O fenômeno não é novo, apenas se tornou mais ostensivo no governo Bolsonaro. O ex-presidente nunca pertenceu a uma corrente político-partidária definida. Ele sempre foi um militar da reserva que se aproveitou da política. Passou a receita para os filhos. E de partido em partido, conseguiu chegar à Presidência da República sem respaldo de qualquer legenda. As consequências chegaram rapidamente. Ele encheu o governo de militares, inclusive policiais e bombeiros. Radicalizou aquela tendência anterior.
O presidente Lula, ao contrário, nasceu na luta política sindical, em São Paulo, no extraordinário período de expansão da indústria nacional, no período chamado de substituição de importações. O caminho dele ocorreu na negociação e discussão dentro do Partido dos Trabalhadores e legendas aliadas. Aconteceu, no entanto, que as duas linhas se cruzaram como consequência da eleição de 2022. Os militares assumiram uma exposição pública além do razoável. Estão sendo contidos pela ação natural dos novos agentes políticos que venceram o pleito.
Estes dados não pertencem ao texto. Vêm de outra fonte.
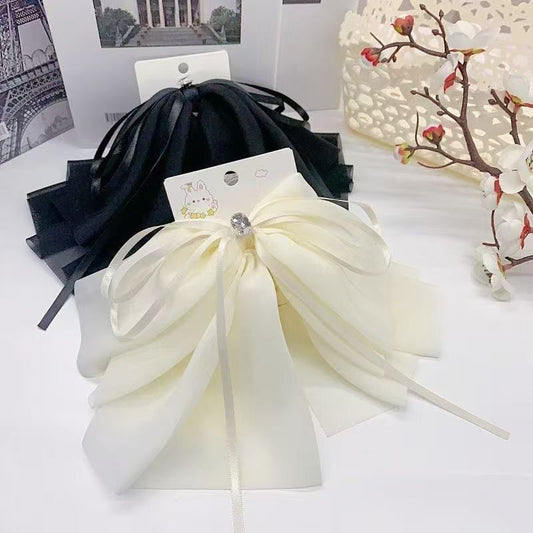 Elegant Satin Ribbon Bow Hair Clip with Crystal Accent – Black & Ivory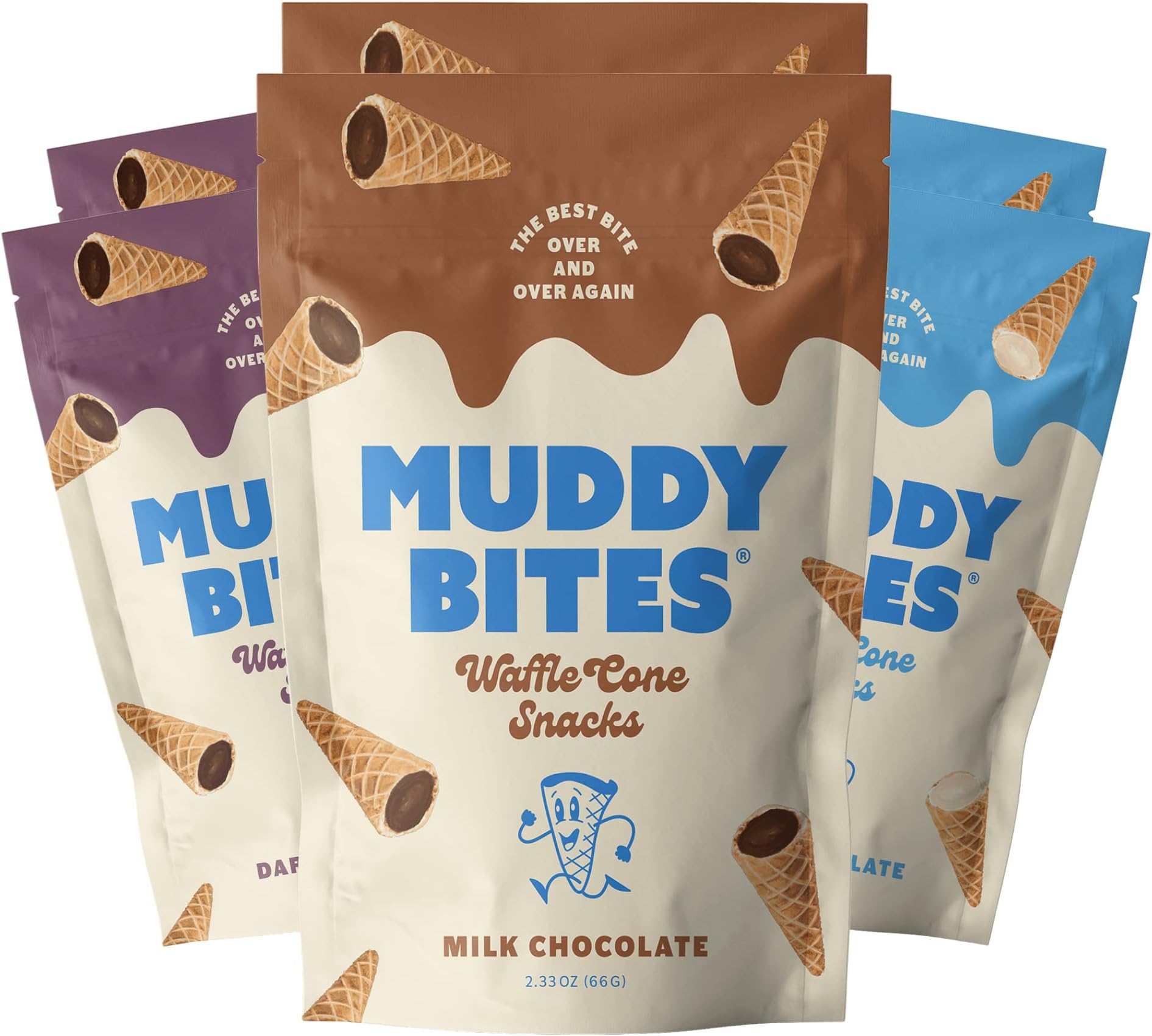 Muddy Bites Waffle Cone Snacks Chocolate Filled Bite Sized Cones (Variety Pack, 6 Bags)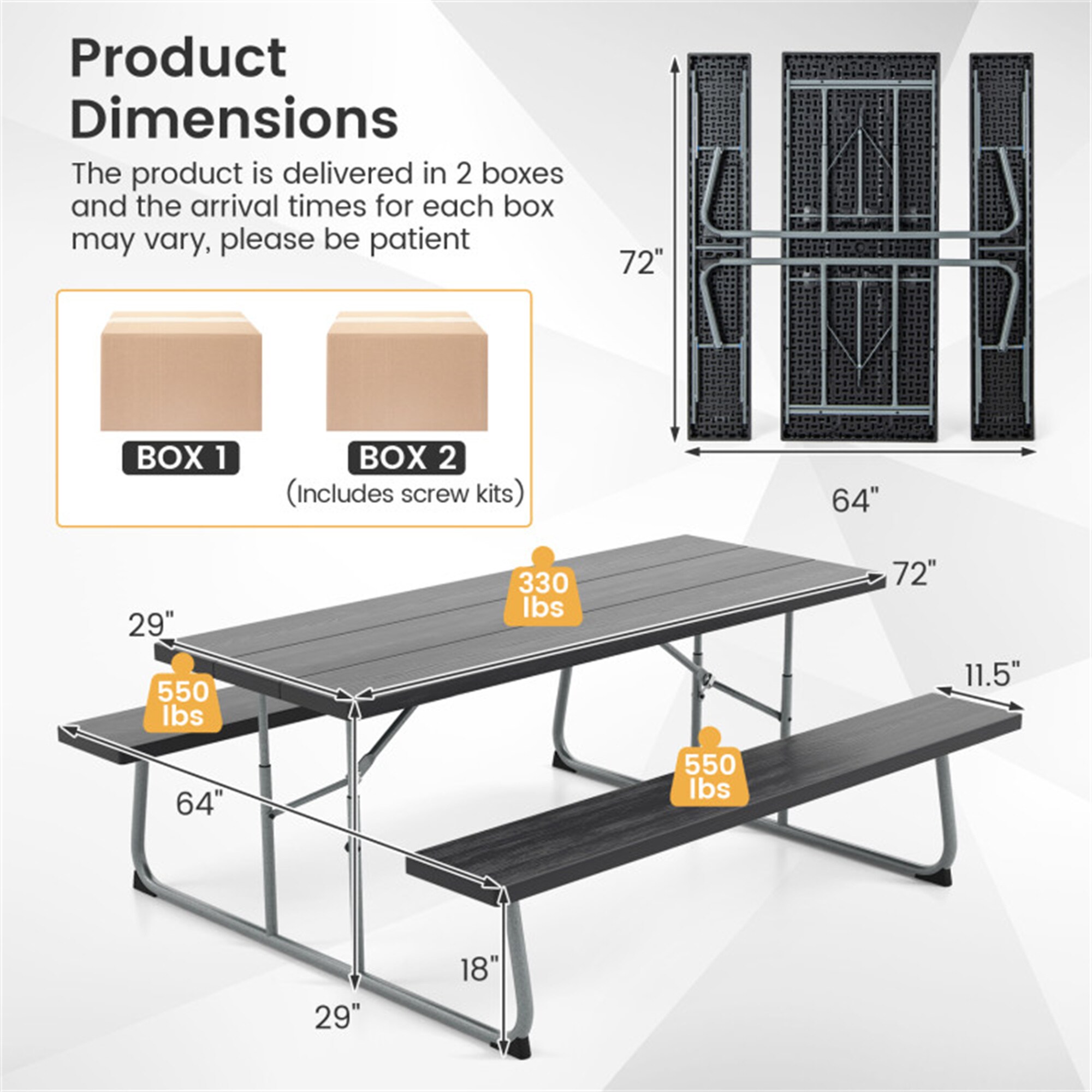 BABOOM BOM-1267BK+-CO Picnic-Tables - View #3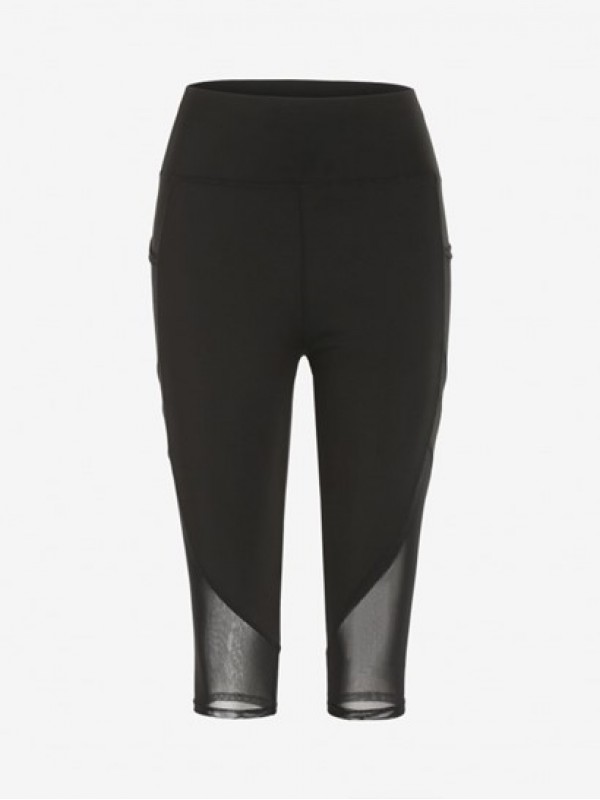 See-through Mesh Spliced Sports Capri Leggings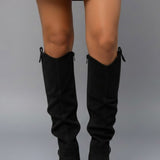 Damen Overknee-Stiefel mit lässigem Schaft und flachem Absatz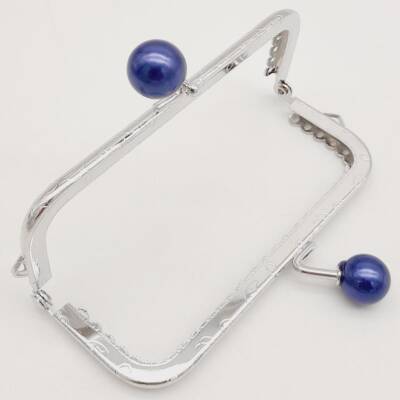 Angel Çanta Aksesuar 10.5 cm Gümüş Metal Lacivert Toplu Dikdörtgen Cüzdan Klipsi Çanta Bursu Model 2 - 3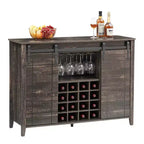 Cantinetta con Vano Contenitore, con Anta Scorrevole Stile Fienile, Credenza a Buffet con Porta Bottiglie da 16 Bottiglie per Sala da Pranzo, Mobile da Bar per Caffè per Sala da Pranzo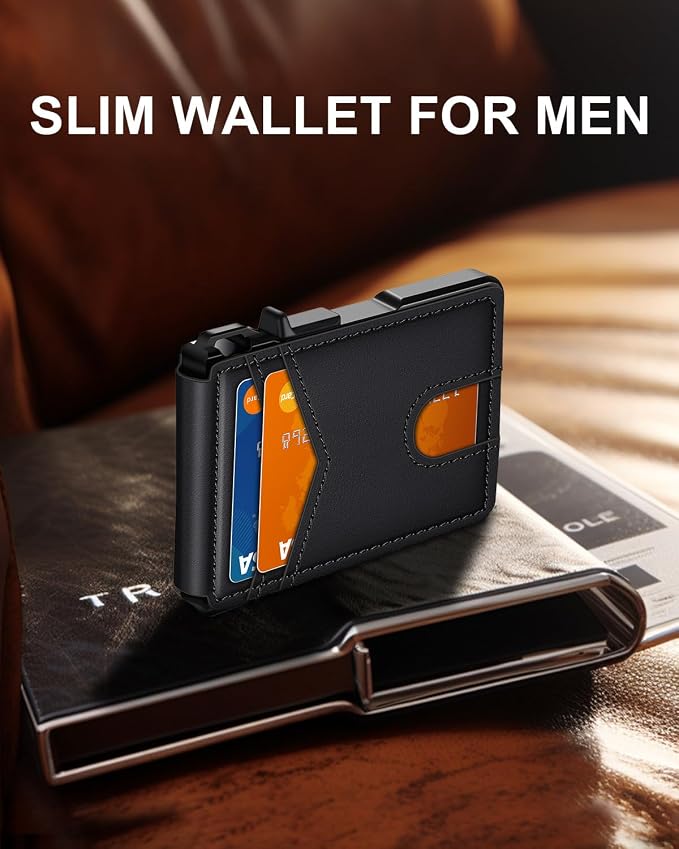 ZALVEX Wallet for Men, Mens Minimalist Wallet 9-13 Cards, Slim Compact Wallet - Image 2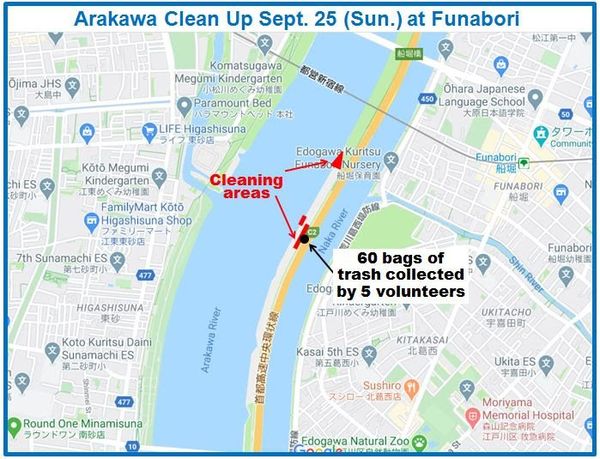 Arakawa River clean up Sept 25, 2022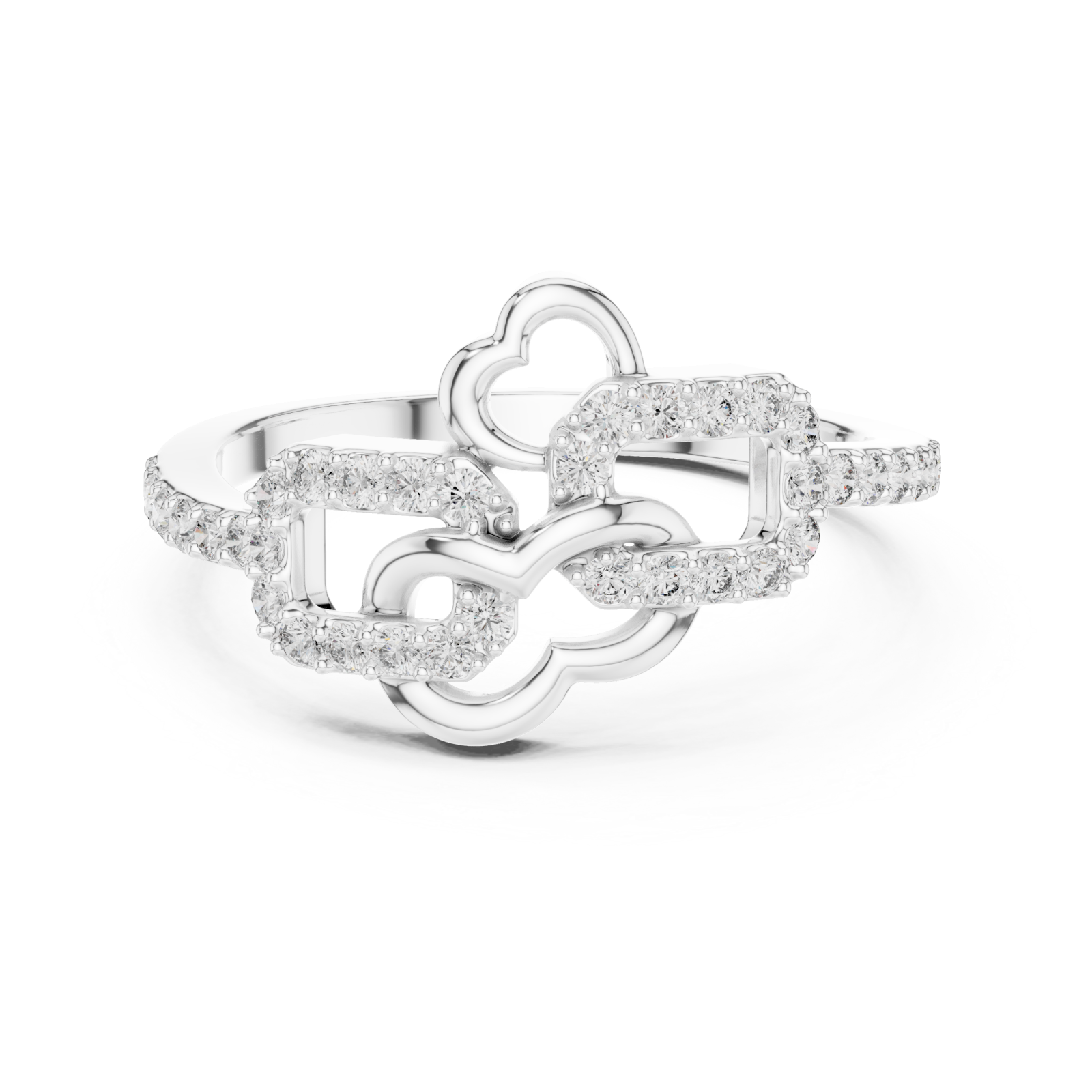  White Gold Twilight Romance Double Loop Ring Front View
Não se trata de projeto político, mas de circunstâncias, recentíssimas, da política nacional. O ministro Alexandre de Moraes determinou que todos os indiciados nos trágicos acontecimentos ocorridos no último dia oito de janeiro sejam apreciados e julgados pelo Supremo Tribunal Federal. Havia militares naquela sedição que serão julgados por civis. Isso é novidade na história do Brasil. A antiga tradição indica que os problemas deveriam ser varridos para debaixo do tapete e rapidamente esquecidos. Essa é a lógica de impor sigilo de 100 anos para assuntos desagradáveis. Os arquivos da escravidão foram queimados para não remanescerem nos registros da história oficial. Do ponto de vista oficial, a escravidão não existiu.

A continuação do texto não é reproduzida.